15 Nisan 2012 Pazar

Âlimin ölümü âlemin ölümü gibidir

Dün onu (rahmetli, inançlı bir insandı; onun inandığı gibi söyleyelim) ‘son yolculuğuna’ uğurladık. Yolu açık olsun!
Günahlar sevaplar tartılırken, madem ki ‘Âlimlerin mürekkebi şehitlerin kanından ağır basacak’, dün, Cennet’in kapıları bir kez daha açılmış olmadı.
Ebedî Doğu, Yomtov Garti’yi kucaklamış olmalı.
96 yıllık yaşlı ve yorgun bedeni salı günü iflas etti.
Oysa beyni daha 18 yaşında gibiydi.
Daha iki gün önce, yatağında doğrulabildiği anda, etrafındaki hemşirelere yine gülücükler gönderiyor, gözlerinde o muzip pırıltı, başparmağını sallayarak onlara matematik dersi veriyordu.

*
Türkiye’mizde, ne yazık ki - aslında eğitim ve kültür seviyesi açısından Türk halkını ziyadesiyle temsil eden - biz gazeteciler, istisnalar hariç sadece şarlatanlara itibar ederiz. (Ki bu kural kendi mesleğimizin mensupları için de geçerlidir.)
Kardiyoloğun da, jeoloğun da, diyetetisyenin, psikoloğun da hokkabazını cımbızla seçer, baş tacı ederiz.
Pazarlamacı, histerik ya da şarlatan olmayanları görmezden gelmeyi tercih ederiz.
Haysiyetli, efendi, ciddi insanlardan pek hazzetmeyiz.
Sonra da bir Aykut Barka’nın, bir Bülent Tanör’ün cenazesindeki o kalabalık nereden çıktı diye hayret ederiz.

*
‘Hocaların hocası’ Yomtov Garti eğitim camiasında bir ‘efsane’ idi.
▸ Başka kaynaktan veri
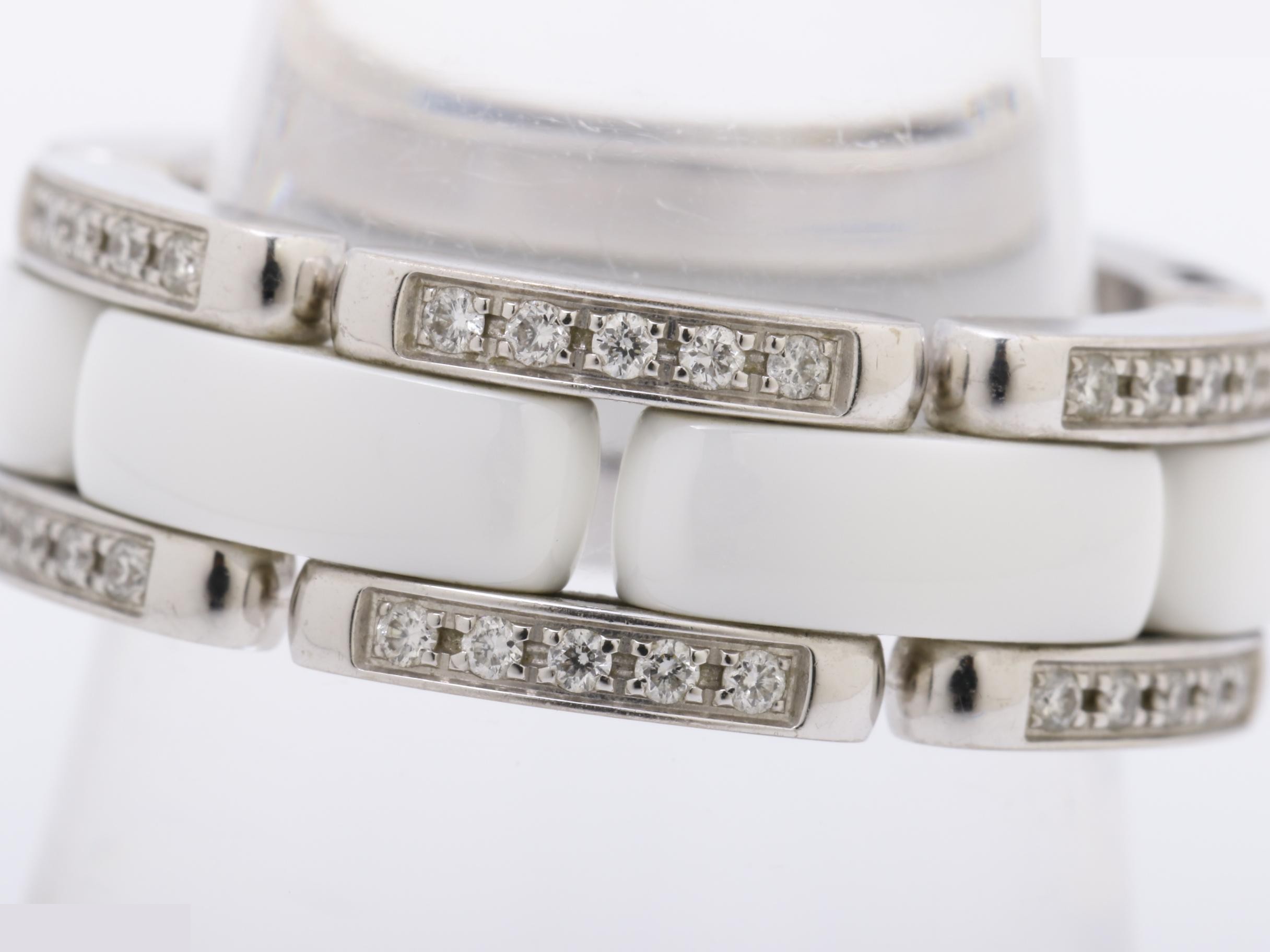 Ultra Diamond Ring, 750WG/White Ceramic, 9.6g — view 3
Galatasaray Liseliler, Saint-Joseph’liler, Dame de Sion’lular, Musevi Lisesi ve Boğaziçi Üniversitesi mezunları, nesillerdir onun hikayeleriyle büyüdüler.
İnanmayacaksınız ama, 92 yaşına kadar kürsüde ders verdi.
Bilgi, paylaşıldıkça çoğalır’ diyen ve bu dediğini uygulayan eden nadir insanlardandı.
Çok genç yaşta matematik doktoru olmuş, doktora tezi matematik tarihine ‘Garti Teoremi’ olarak geçmişti.
Matematik, geometri ve fizik âlimliğinin yanı sıra, gerçek bir entelektüel, bir filozof, öğrenmeye (ve öğretmeye) doymayan bir insandı.
İyi bir eş, iyi bir baba, gerçek bir dost; hoşgörülü, âdil, paylaşmayı ve hayır yapmayı seven... hasılı mükemmel bir insandı.
Nûr içinde yatsın!

*
Yomtov Garti'yi bilen bilir.
Marifet iltifata tabi ise, Garti yaşarken hak ettiği itibarı, sevgiyi, saygıyı gördü.
Benim tarifime, benim övgüme ihtiyaç yok.
Ama diyeceğim şu ki...
Araplar ‘Âlimin ölümü, âlemin ölümü gibidir derler.
Bu sadece şairane bir vecizeden ibaret değil.
Düşünen ve araştıran üstün bir beyinle birlikte, yılların bilgi ve tecrübe birikimi, kağıda dökülmemiş ve dökülemeyecek ne varsa yok olup gider.
Bir Einstein'ın, bir Pascal'in, bir Spinoza'nın, bir Goethe'nin, bir Euler'in... aklıma ilk gelenleri saydım, ölümü ‘âlemin ölümü’ gibi değil midir?
Bir 10'ar sene daha yaşasalardı eğer, bugün nerede olurduk acaba?
Yahut beyinlerindekini ‘kurtarmak’ mümkün olsaydı eğer...
Bilim beyni tanımaya; hisleri, düşünceleri ‘okumaya’ çalışıyor yıllardır.
Belki gün gelir... âlimle birlikte âlemin ölmesi engellenir!